## [Task goal]
Leave every picture out and give back the lines below from the first through the line that holds "Cole Clark Studio An1Ec All Blackwood 104", exactly as written.

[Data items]

%%

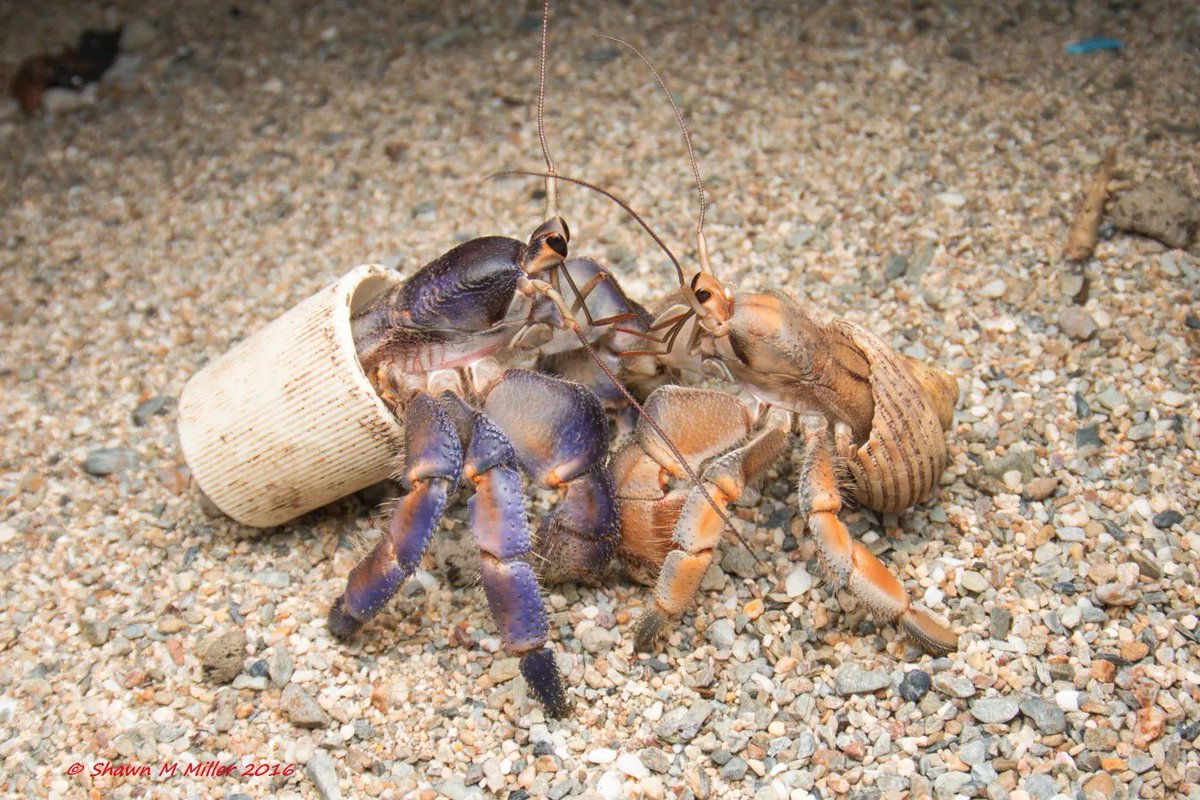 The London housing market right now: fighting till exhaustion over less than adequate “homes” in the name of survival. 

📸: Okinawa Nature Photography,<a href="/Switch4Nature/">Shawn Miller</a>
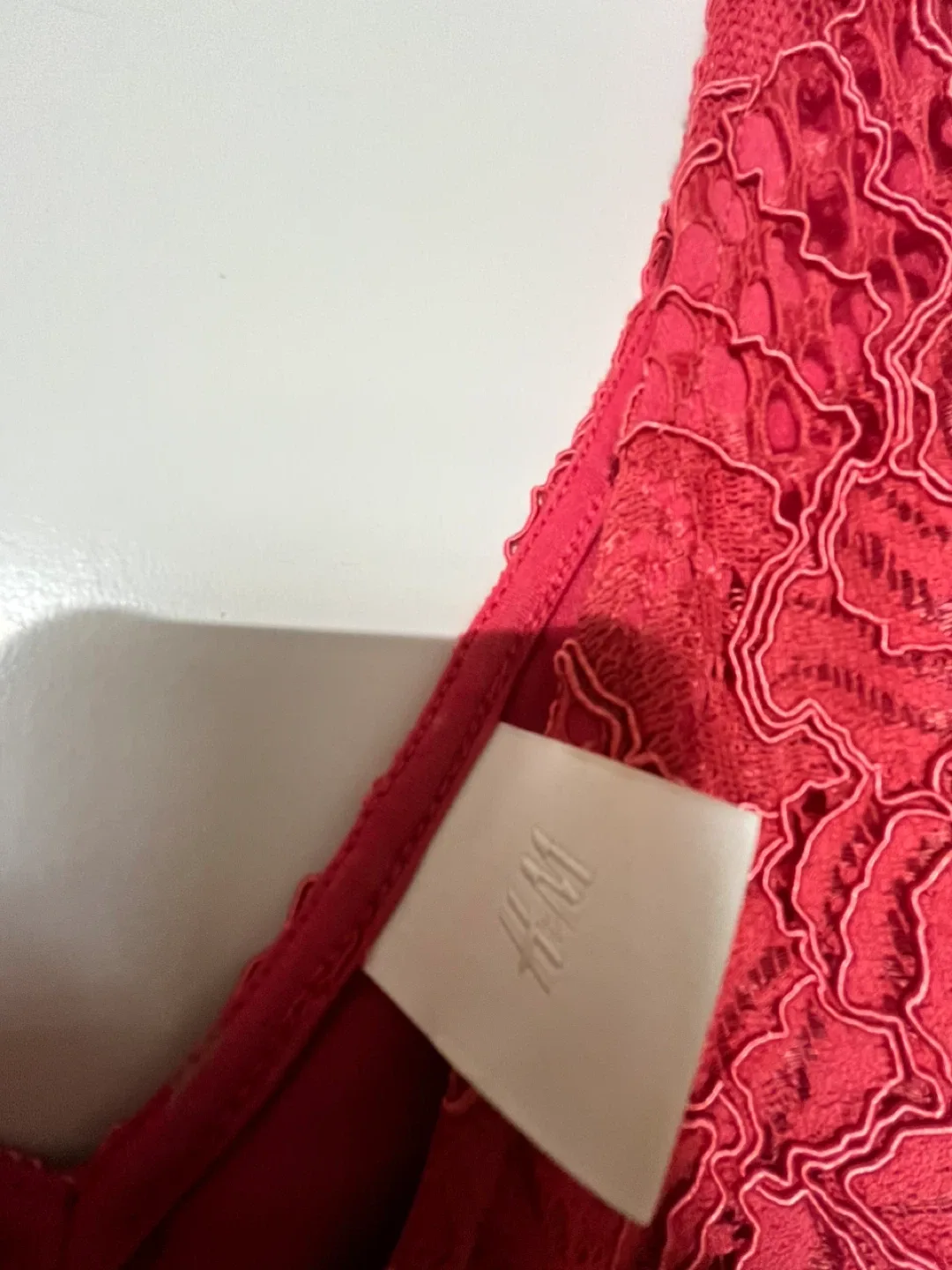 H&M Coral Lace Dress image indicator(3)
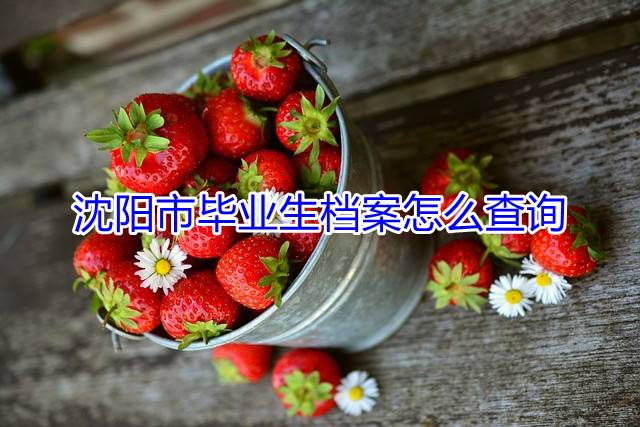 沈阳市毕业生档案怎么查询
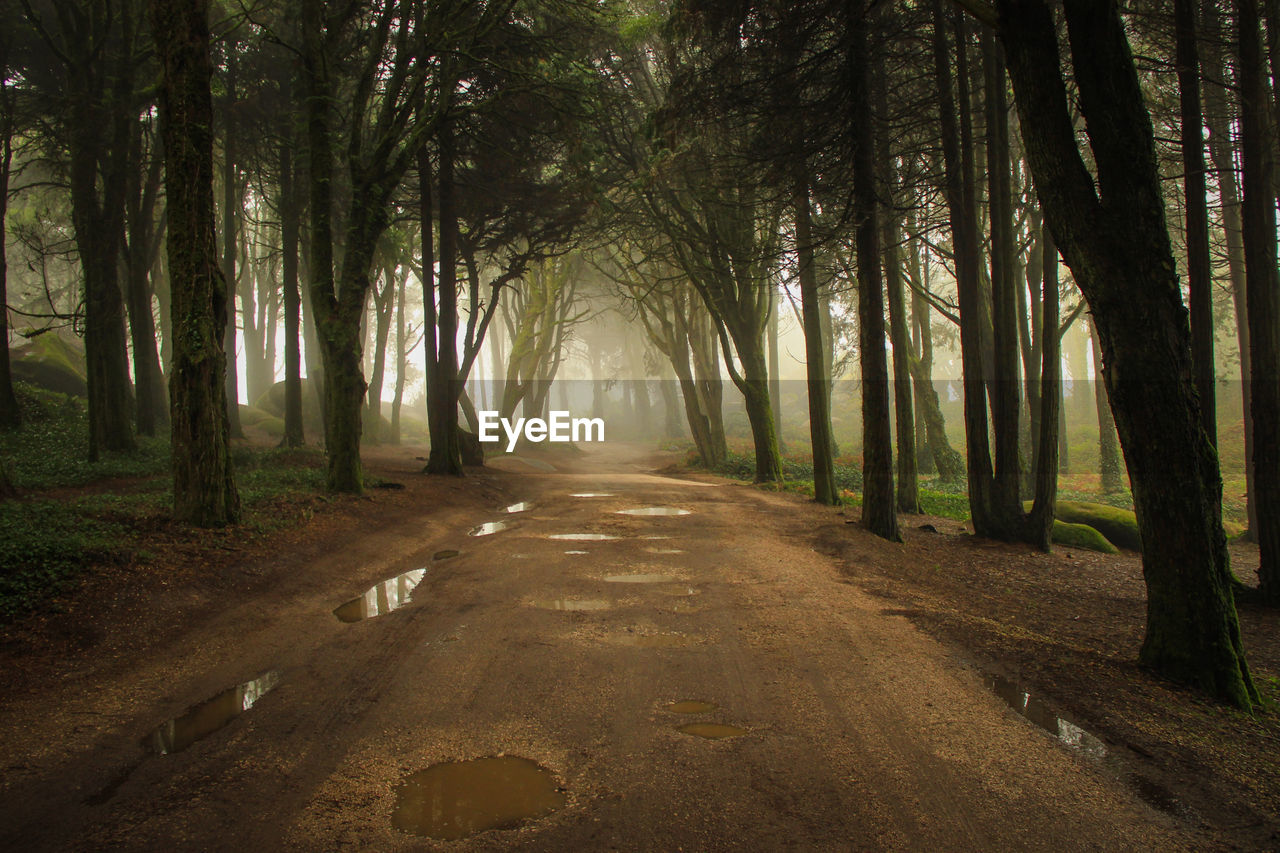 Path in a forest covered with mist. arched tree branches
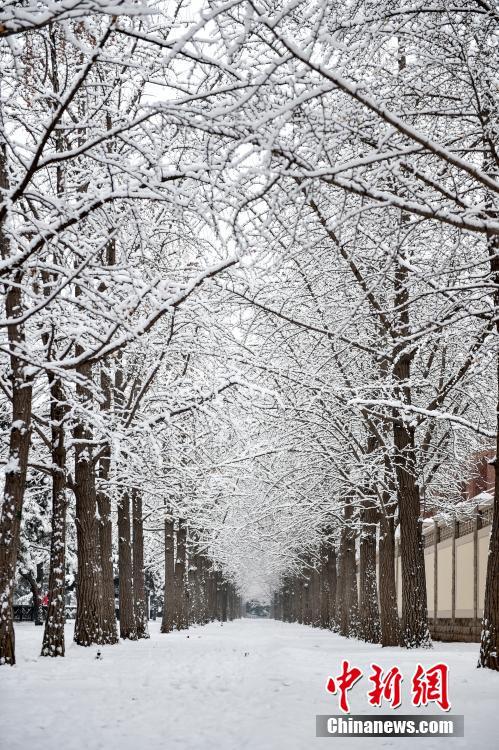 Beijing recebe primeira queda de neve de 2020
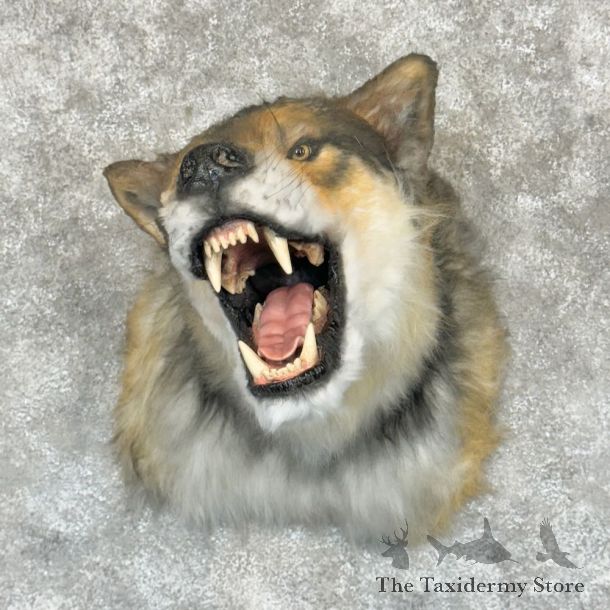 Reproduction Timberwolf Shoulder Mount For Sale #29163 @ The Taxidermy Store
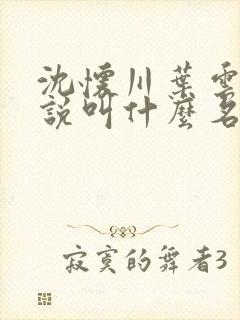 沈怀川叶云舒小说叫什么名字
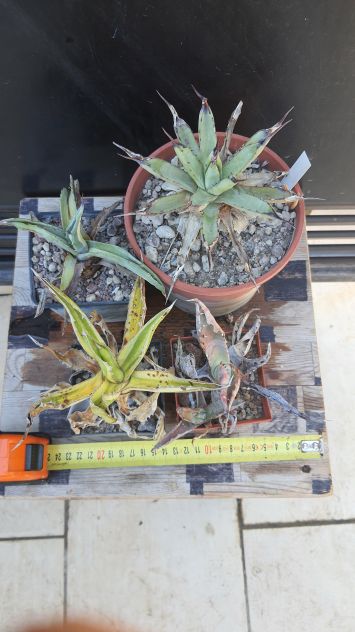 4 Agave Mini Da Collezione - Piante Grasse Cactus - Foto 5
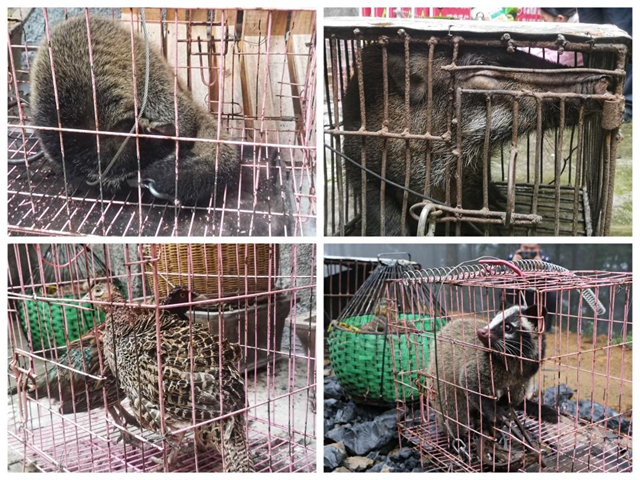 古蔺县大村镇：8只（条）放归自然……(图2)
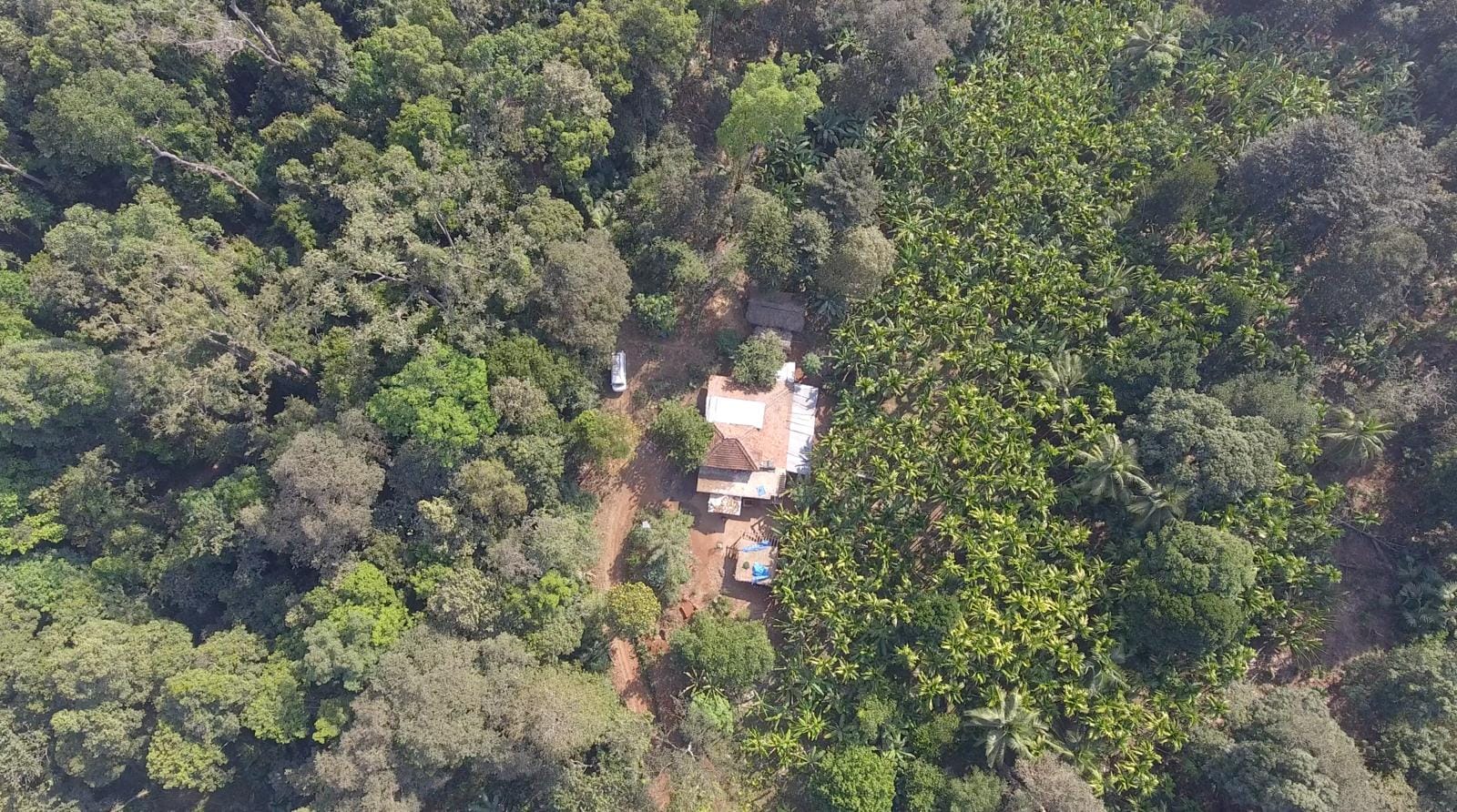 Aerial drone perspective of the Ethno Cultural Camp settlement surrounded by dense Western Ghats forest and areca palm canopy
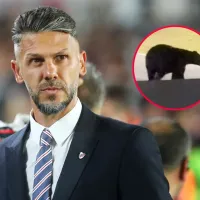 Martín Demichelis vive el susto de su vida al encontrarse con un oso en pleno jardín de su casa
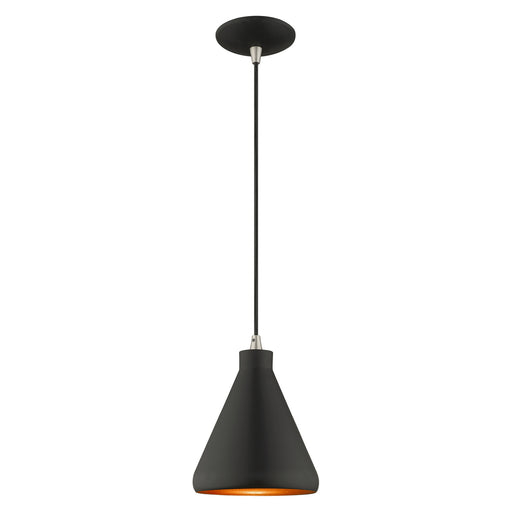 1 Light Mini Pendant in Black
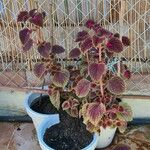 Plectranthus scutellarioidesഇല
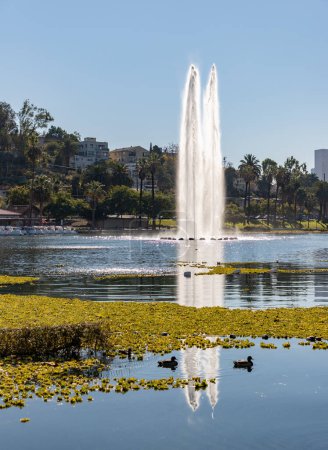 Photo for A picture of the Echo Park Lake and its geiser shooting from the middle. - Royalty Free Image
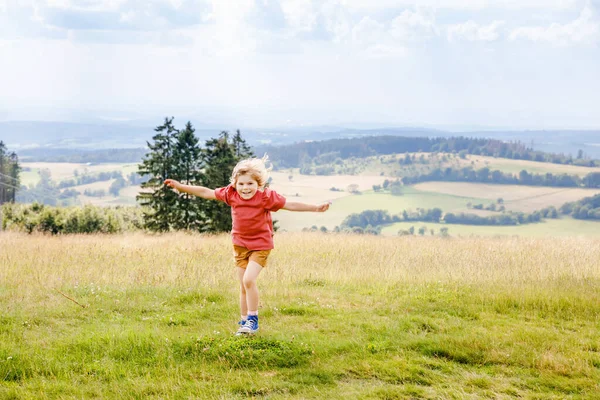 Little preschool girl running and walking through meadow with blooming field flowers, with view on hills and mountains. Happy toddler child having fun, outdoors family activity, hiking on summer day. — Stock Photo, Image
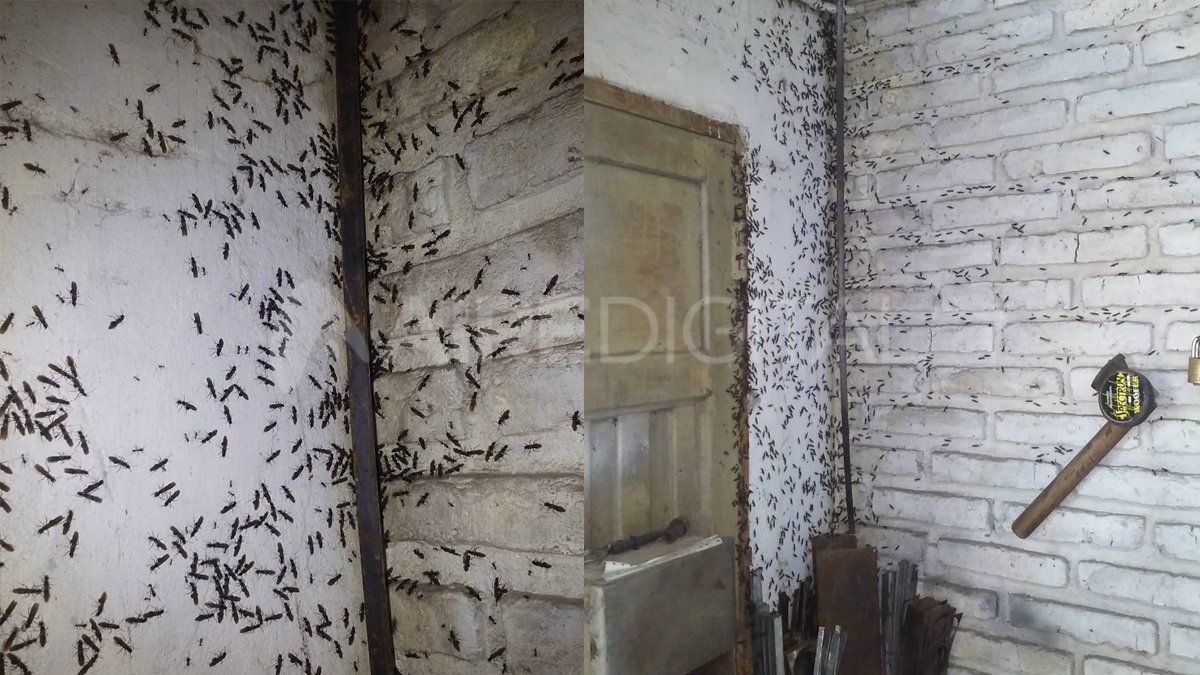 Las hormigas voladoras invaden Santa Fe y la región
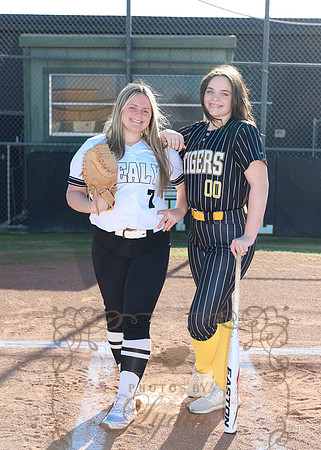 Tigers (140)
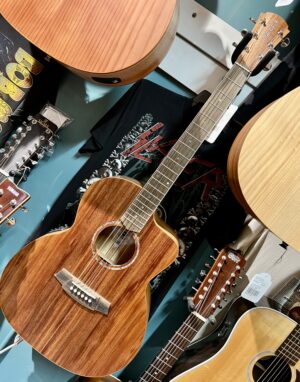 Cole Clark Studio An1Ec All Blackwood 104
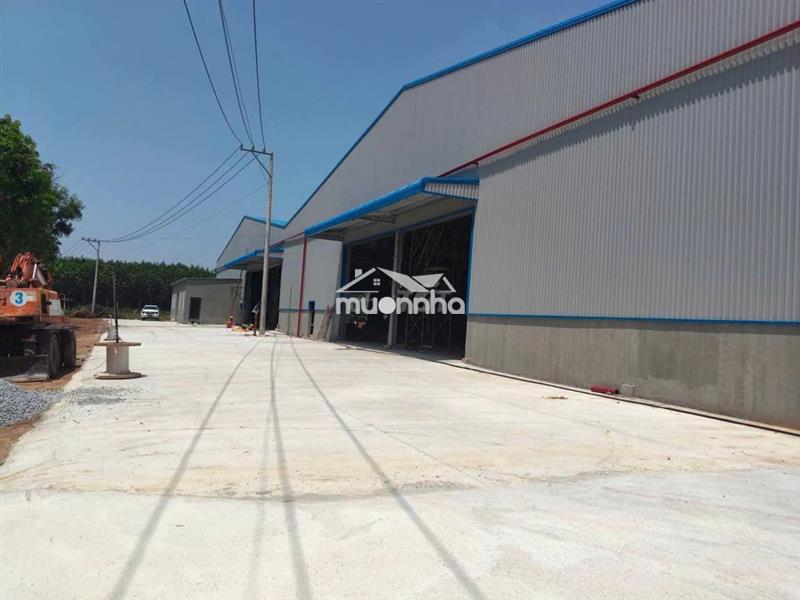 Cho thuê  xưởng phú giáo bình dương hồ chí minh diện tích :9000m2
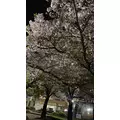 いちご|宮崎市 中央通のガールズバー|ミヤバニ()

%%

## [Answer box]
 The London housing market right now: fighting till exhaustion over less than adequate “homes” in the name of survival. 

📸: Okinawa Nature Photography,<a href="/Switch4Nature/">Shawn Miller</a>
 H&M Coral Lace Dress image indicator(3)
 沈阳市毕业生档案怎么查询
 Path in a forest covered with mist. arched tree branches
 Beijing recebe primeira queda de neve de 2020
 Reproduction Timberwolf Shoulder Mount For Sale #29163 @ The Taxidermy Store
 沈怀川叶云舒小说叫什么名字
 4 Agave Mini Da Collezione - Piante Grasse Cactus - Foto 5
 古蔺县大村镇：8只（条）放归自然……(图2)
 Aerial drone perspective of the Ethno Cultural Camp settlement surrounded by dense Western Ghats forest and areca palm canopy
 Martín Demichelis vive el susto de su vida al encontrarse con un oso en pleno jardín de su casa
 1 Light Mini Pendant in Black
 Plectranthus scutellarioidesഇല
 Photo for A picture of the Echo Park Lake and its geiser shooting from the middle. - Royalty Free Image
 Little preschool girl running and walking through meadow with blooming field flowers, with view on hills and mountains. Happy toddler child having fun, outdoors family activity, hiking on summer day. — Stock Photo, Image
 Las hormigas voladoras invaden Santa Fe y la región
 Tigers (140)
 Cole Clark Studio An1Ec All Blackwood 104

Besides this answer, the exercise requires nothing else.